◆ Exercise brief:
Give back the line below containing "Victrola Harmony - Bluetooth" and every later line, exactly.

Web page caption snippets
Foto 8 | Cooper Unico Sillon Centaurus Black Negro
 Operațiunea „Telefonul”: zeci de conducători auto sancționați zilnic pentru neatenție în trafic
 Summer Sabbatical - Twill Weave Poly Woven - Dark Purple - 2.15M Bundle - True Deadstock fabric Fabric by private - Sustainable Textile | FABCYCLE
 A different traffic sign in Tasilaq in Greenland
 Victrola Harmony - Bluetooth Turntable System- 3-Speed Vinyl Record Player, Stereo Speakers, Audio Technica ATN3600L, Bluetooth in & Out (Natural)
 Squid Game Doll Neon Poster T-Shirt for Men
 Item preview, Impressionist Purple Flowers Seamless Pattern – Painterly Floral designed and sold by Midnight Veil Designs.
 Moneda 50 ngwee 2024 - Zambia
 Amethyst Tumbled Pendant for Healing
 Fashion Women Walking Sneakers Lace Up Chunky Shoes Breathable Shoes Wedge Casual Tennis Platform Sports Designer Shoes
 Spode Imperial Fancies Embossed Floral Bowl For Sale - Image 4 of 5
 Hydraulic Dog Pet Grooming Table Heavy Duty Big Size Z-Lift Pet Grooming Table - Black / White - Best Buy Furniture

◆ Task solution:
 Victrola Harmony - Bluetooth Turntable System- 3-Speed Vinyl Record Player, Stereo Speakers, Audio Technica ATN3600L, Bluetooth in & Out (Natural)
 Squid Game Doll Neon Poster T-Shirt for Men
 Item preview, Impressionist Purple Flowers Seamless Pattern – Painterly Floral designed and sold by Midnight Veil Designs.
 Moneda 50 ngwee 2024 - Zambia
 Amethyst Tumbled Pendant for Healing
 Fashion Women Walking Sneakers Lace Up Chunky Shoes Breathable Shoes Wedge Casual Tennis Platform Sports Designer Shoes
 Spode Imperial Fancies Embossed Floral Bowl For Sale - Image 4 of 5
 Hydraulic Dog Pet Grooming Table Heavy Duty Big Size Z-Lift Pet Grooming Table - Black / White - Best Buy Furniture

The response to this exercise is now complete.